İki hafta önce yaşanan o uğursuz, karanlık dehşet gecesi gözlerimin önünde hâlâ… 15 Temmuz gecesi TSK’ya, polise, milli eğitime, yargıya, istihbarata, üniversitelere medyaya yaklaşık kırk yıldır sızmış FETÖ çetesinin askeri cuntası, Cumhuriyet ve demokrasimize ve onun kurumlarına saldırdılar. Bu alçakça darbe girişimi, başta halkımızın tanklara karşı gelerek, tankların önüne yatarak, üstlerine çıkarak darbeye hayır diyen asker ve polisimizin canları pahasına darbecilere karşı koymalarıyla önlendi çok şükür. Büyük bir yıkımın ve uçurumun, bir iç savaşın eşiğinden döndük… Başta Sayın Cumhurbaşkanımız, başbakanımız, muhalefet liderlerimizin ve TBMM’nin o gece darbeye karşı dik ve ödünsüz tutumları siyasi tarihimizin şeref sayfalarına yazılacaktır elbet…

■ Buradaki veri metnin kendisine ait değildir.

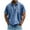 Blue, variant on Fnooota Big & Tall Men's Casual Polo Shirts, Pullover Fashion Summer Collared Short Sleeve Tops Navy Size 4XL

Bütün TV kanalları yayımladı sabaha kadar olan biteni… Dünya tarihinde bir benzerine bugüne kadar rastlanılmamış olaylara tanık oldu bütün Türkiye… O geceyi TV’lerde izlerken Yakup Kadri Karaosmanoğlu’nun “Hüküm Gecesi” adlı romanını da sanki TV lerden izledim yeniden… Osmanlı Devleti’nin son yıllarını bir roman formatında anlatan bu kitabın kahramanı Ahmet Kerim Gibi İzledim o “Hüküm Gecesi”’ni…
Siyasi hırs ve kapışmalar, komplolar, siyasetin ve cuntacılığın girdabina kapılmış subaylar, paşalar, aydınlar ve bürokratlar… Bâb-ı Âli baskını, Nazım Paşanın vurulması, sadrazam Mahmut Şevket Paşaya karşı düzenlenen suikast ve bunlara karşı durmaya çalışan gazeteciler Ahmet Samim ve Ahmet Kerim. Ahmet Samim’i vururlar; Ahmet Kerim Ziya Gökalp’ın yardımıyla kurtulur idamdan Sinop’a sürülür… Artık tükenmiştir… Peki ya halk ? İstanbul dışında yaşayanların haberi yoktur hiçbir şeyden…. Yaklaşık yüz on yıl önce yaşanan olaylardan nasıl haberi olsun ki halkın?
O zamanın siyasal partileri olan İttihat Ve Terakki ile Hürriyet fırkaları kitle partileri değil, siyasal mücadele, subay-aydın- bürokrat üçlüsünün elinde ve yönetiminde, Batı’daki partiler gibi iktidar mücadelesi tabanda başlamamış… Halkla ilişkiler kuramıyorlar bu yüzden. Halkı işe karıştırmadan “kurtarıcı görevi”ni benimsiyorlar…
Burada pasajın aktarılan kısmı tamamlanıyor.